Since this is on Xinhua it is now official. 

I have since heard that the ship was stormed and retaken by the Iranian Navy at the request of the Chinese Government, but have not been able to confirm this.


----------



## Andrew Craig-Bennett (Mar 13, 2007)

now Reuters have confirmed that the ship was retaken:

(Reuters) - Iranian naval forces freed a Chinese freighter hijacked by Somali pirates off southern Iran on Friday and arrested all the attackers, the semi-official Iranian news agency Fars reported.

"Through the successful mission of Iranian naval forces, the ship was released and nine pirates were arrested," Iranian port official Saeed Izadiyan said, according to Fars. It did not say whether anyone had been hurt.

The Xianghuamen, owned by Nanjing Ocean Shipping Co Ltd, had been seized on Friday morning in the Gulf of Oman near the south Iranian port of Chabahar, the Chinese embassy in Tehran reported on its website.

Izadiyan said the pirates were Somali and that the ship was now on its way to Iran.

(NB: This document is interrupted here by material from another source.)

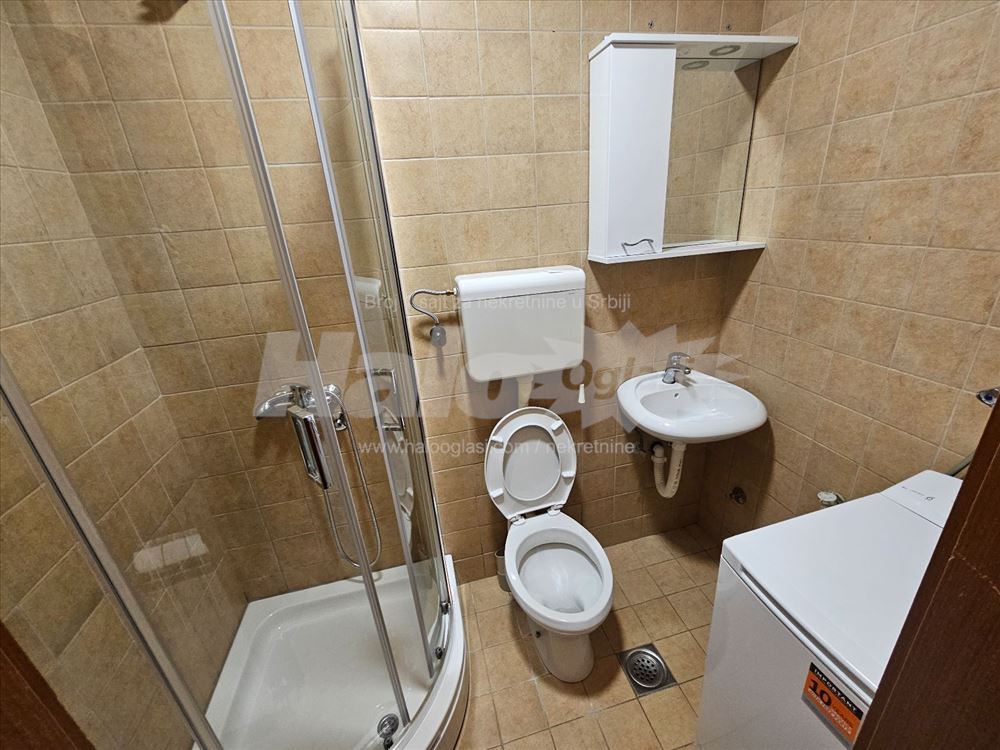 Renovirana Garsonjera Vračar — 6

he Xianghuamen had departed from Shanghai, stopped to unload goods in Singapore, and had been on its way to Imam Khomeini port in southwest Iran, Chinese news agency Xinhua reported.

Chinese ambassador to Iran Yu Hongyang had demanded that Iran make the safety of the crew a priority, Xinhua reported


----------



## Mad Landsman (Dec 1, 2005)

Arrested? That is mighty benevolent of the Iranians, they must have something else in mind.
It will be interesting to see what their subsequent treatment will be under Iranian Law.


----------



## Andrew Craig-Bennett (Mar 13, 2007)

I suspect that right at the top of their list was ensuring delivery of the cargo, followed pretty closely by not upsetting their only friends.


----------



## chadburn (Jun 2, 2008)

I wonder what the "Steel Equipment" was exactly, sound's very smiliar to "Machinery Item's" which was/is the cover term used by most Nation's for shipping clandestine armament's.


----------



## Essjay (Apr 4, 2012)

chadburn said:


> I wonder what the "Steel Equipment" was exactly, sound's very smiliar to "Machinery Item's" which was/is the cover term used by most Nation's for shipping clandestine armament's.


AK's and RPG's etc


----------



## Andrew Craig-Bennett (Mar 13, 2007)

China was supplying Iran with Silkworm missiles in the 1980's.


----------



## Essjay (Apr 4, 2012)

Andrew Craig-Bennett said:


> China was supplying Iran with Silkworm missiles in the 1980's.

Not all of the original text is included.